▶ ACTIVITY: Only the lines from the one containing "Fiat 500 +CARPLAY+KLIMA+ALU+TEMPOMAT+BLUETOOTH+" to the end of the records belong in the answer; repeat them exactly and drop the pictures.

[DATASET EXTRACT Boundary: Start]

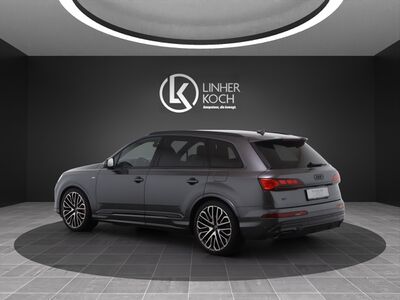 Audi Q7 Gebrauchtwagen Audi Q7 Gebrauchtwagen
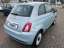 Fiat 500 +CARPLAY+KLIMA+ALU+TEMPOMAT+BLUETOOTH+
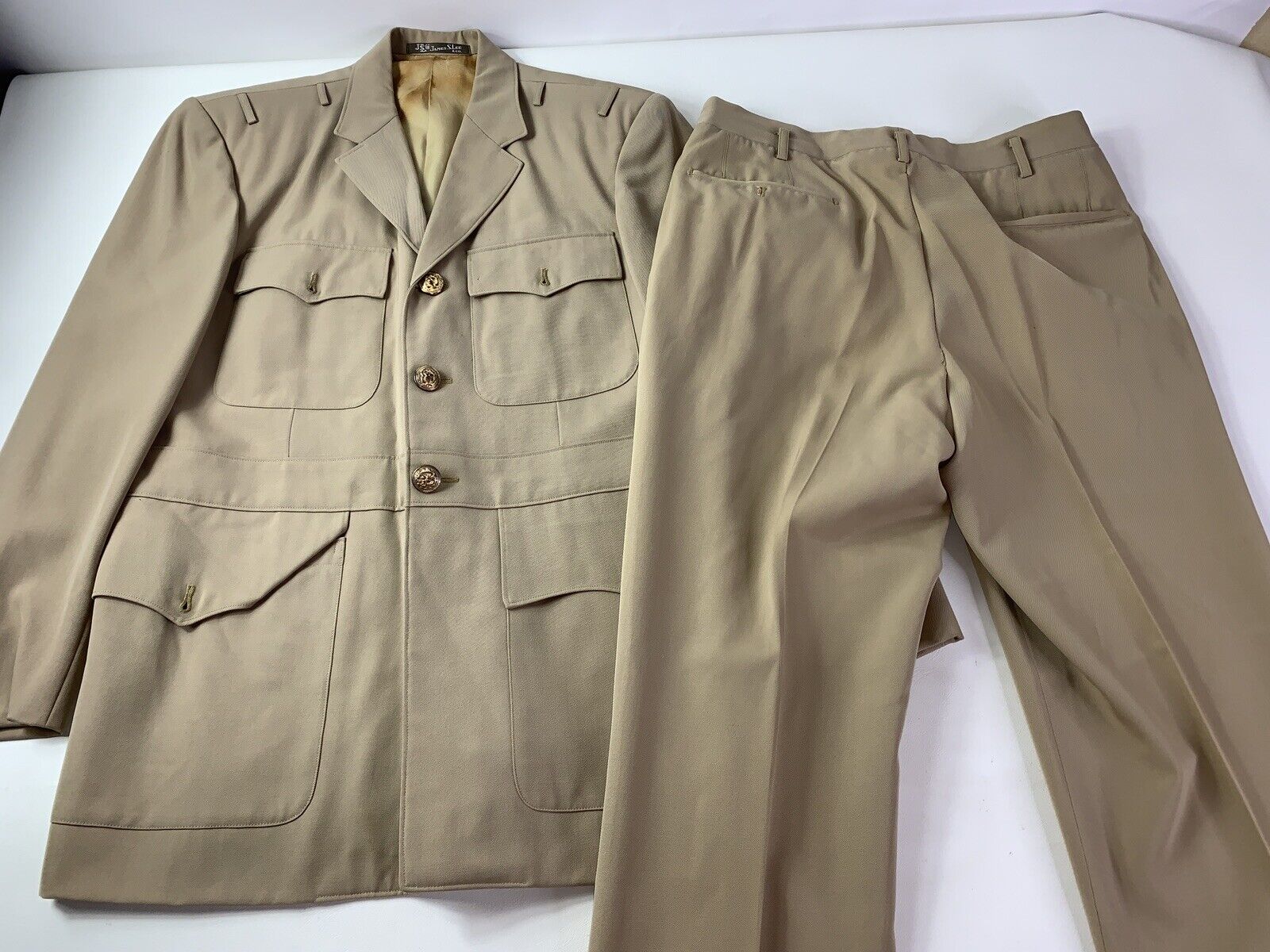 クリスマスローズ 60s vintage jacket made in japan 大日本帝国軍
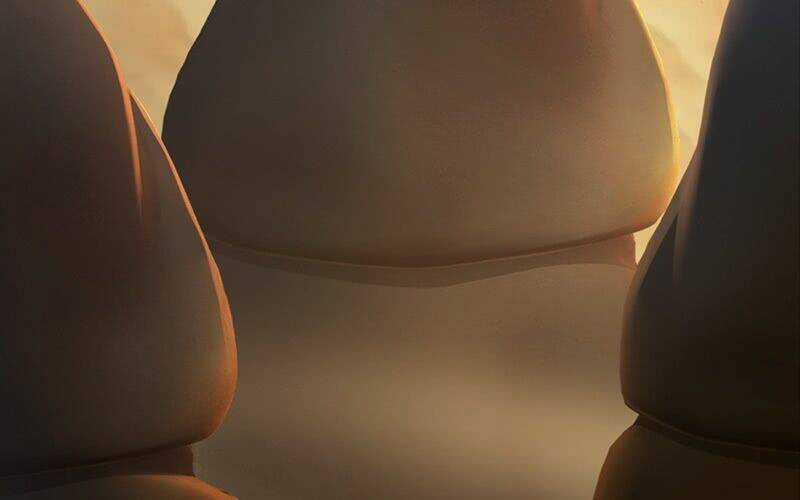 Lâm Uyên Kiếp Chapter 2 trang 80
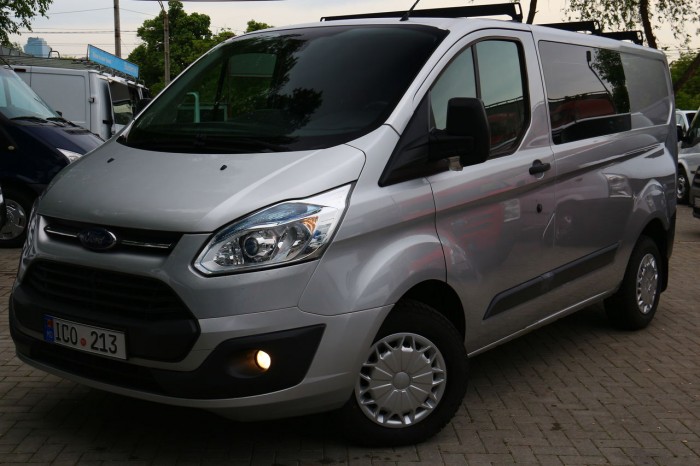 Ford cu TVA,  2014 anu, 2014 an photo 2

[DATASET EXTRACT Boundary: End]

▶ EXPECTED ANSWER:
 Fiat 500 +CARPLAY+KLIMA+ALU+TEMPOMAT+BLUETOOTH+
 クリスマスローズ 60s vintage jacket made in japan 大日本帝国軍
 Lâm Uyên Kiếp Chapter 2 trang 80
 Ford cu TVA,  2014 anu, 2014 an photo 2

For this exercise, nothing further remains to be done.